18 augustus 2012

Decadentie

Met ons noodlot van streven komt ons noodlot van nooit echt content zijn. Op het moment dat ik hersenloos werk doe, vind ik het zonde van mijn intelligentie. Op momenten dat ik werk doe waar ik mijn hersens bij moet gebruiken, zou ik willen dat ik minder verantwoordelijkheid had zodat ik ook minder hard kon vallen. Ik zou met rust gelaten willen worden, maar tegelijkertijd wil ik dat mensen mij erkennen. Ik zou succes willen hebben, maar tegelijkertijd wil ik de voorgrond niet. Ik zou een beroep willen hebben met aanzien, maar er zijn altijd mensen die neerkijken op andermans broodwinning. Ik zou werk willen hebben met veel vakantie en tegelijkertijd zou ik me willen verliezen in dat waar ik echt heel goed in ben. Ik zou nu eigenlijk wel eens willen weten wat ik ga worden als ik later groot ben.

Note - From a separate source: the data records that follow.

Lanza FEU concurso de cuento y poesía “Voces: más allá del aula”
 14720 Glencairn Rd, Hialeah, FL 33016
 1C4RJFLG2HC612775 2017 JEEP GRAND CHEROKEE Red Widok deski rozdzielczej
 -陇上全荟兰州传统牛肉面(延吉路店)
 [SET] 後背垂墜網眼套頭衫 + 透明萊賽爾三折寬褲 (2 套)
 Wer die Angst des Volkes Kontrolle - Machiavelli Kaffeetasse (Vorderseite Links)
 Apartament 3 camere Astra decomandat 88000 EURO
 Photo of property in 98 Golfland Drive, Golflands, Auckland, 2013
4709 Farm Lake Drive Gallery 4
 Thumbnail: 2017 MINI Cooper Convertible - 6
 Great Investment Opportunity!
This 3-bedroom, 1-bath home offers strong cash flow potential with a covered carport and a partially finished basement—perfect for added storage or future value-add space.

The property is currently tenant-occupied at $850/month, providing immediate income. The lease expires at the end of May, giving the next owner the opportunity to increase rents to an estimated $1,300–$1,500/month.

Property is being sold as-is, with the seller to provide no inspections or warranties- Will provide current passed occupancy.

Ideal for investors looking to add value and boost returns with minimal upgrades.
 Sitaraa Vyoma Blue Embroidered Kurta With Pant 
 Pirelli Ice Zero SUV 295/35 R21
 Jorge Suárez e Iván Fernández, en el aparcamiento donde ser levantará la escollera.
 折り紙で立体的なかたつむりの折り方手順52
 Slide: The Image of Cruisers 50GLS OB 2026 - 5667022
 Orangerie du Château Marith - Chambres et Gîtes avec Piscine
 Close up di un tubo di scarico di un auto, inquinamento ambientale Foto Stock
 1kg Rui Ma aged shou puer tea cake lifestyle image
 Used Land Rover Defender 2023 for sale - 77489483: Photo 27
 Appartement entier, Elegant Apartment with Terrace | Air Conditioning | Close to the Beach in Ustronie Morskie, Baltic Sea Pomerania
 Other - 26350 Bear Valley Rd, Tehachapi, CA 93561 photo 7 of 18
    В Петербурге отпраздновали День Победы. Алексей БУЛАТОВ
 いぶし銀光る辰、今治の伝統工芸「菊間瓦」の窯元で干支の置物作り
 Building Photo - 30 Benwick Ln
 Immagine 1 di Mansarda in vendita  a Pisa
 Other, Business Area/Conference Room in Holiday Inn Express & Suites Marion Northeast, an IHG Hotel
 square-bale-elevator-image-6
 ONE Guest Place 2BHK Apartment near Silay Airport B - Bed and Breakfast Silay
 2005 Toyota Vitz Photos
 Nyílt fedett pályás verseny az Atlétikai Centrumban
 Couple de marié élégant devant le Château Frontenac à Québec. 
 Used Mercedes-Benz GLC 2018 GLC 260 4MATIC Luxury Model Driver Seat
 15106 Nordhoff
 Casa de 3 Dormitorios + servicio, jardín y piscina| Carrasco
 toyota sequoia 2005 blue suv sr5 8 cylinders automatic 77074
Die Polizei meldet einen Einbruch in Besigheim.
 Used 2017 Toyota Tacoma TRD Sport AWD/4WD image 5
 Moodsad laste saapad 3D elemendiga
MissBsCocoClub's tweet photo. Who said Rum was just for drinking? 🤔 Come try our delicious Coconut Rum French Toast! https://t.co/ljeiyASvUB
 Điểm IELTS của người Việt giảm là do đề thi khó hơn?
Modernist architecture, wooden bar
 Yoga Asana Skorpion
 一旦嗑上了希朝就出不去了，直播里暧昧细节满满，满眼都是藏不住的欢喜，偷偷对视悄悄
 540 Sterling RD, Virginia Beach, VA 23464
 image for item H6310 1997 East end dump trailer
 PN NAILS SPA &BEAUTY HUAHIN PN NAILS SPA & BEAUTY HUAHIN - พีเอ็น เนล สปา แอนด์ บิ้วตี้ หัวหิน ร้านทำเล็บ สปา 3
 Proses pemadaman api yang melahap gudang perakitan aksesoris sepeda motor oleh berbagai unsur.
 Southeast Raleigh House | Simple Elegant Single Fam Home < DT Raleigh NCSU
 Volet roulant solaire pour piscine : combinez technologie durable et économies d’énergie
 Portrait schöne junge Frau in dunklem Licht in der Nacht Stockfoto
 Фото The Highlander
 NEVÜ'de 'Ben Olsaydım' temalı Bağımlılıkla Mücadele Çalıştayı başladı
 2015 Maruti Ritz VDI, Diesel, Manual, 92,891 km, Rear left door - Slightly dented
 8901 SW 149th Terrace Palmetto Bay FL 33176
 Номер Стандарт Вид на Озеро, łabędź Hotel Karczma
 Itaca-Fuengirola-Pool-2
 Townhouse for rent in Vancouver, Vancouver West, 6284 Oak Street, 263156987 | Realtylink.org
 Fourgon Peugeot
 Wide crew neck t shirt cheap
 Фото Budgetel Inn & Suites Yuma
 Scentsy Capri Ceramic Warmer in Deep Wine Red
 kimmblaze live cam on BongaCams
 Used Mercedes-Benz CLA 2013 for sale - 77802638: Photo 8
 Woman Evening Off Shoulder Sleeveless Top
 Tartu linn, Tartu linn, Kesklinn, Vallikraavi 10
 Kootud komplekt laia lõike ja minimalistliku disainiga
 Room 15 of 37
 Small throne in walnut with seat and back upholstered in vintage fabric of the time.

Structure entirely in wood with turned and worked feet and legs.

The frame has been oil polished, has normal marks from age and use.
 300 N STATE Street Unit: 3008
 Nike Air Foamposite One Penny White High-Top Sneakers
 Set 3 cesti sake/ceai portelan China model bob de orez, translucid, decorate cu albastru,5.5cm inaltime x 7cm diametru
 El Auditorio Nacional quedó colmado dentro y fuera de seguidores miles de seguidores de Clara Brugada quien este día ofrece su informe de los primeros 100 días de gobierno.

Laatst las ik een boek - en kon ik maar professioneel boekenlezer worden want daar ben ik heel goed in - waarin mijn opa werd geïnterviewd over zijn loopbaan. Het ging over hard werken, niets cadeau krijgen, niet kunnen kiezen en welk geluk hij heeft ervaren. Waarschijnlijk zullen de meeste senioren zo kunnen praten. Het is niet leuk als je niet kunt kiezen. Mijn opa heeft ongetwijfeld net als ik werk moeten doen dat hij niet leuk vond, maar zo lagen de zaken. Je had geen escape. Het is niet leuk, maar het lijkt wel makkelijker als de optie te kunnen kiezen niet open ligt. Je voelt je geen dief van je eigen levensinvulling. Dit is het pad dat je lopen moet en over je loopritme mag je wel beslissen. Het was in mijn opa's jonge jaren ook nog geen kwestie dat je jezelf gelukkig moest maken, denk ik. Het hoofddoel was kunnen eten, kunnen kleden, een dag in de week iets leuks doen. Ik houd me dat interview voor ogen omdat ik het decadent vind te klagen over alle kansen die ik heb. Ik heb geen echte problemen, nooit gehad en altijd geweten. Maar het geneest me niet van de onrust.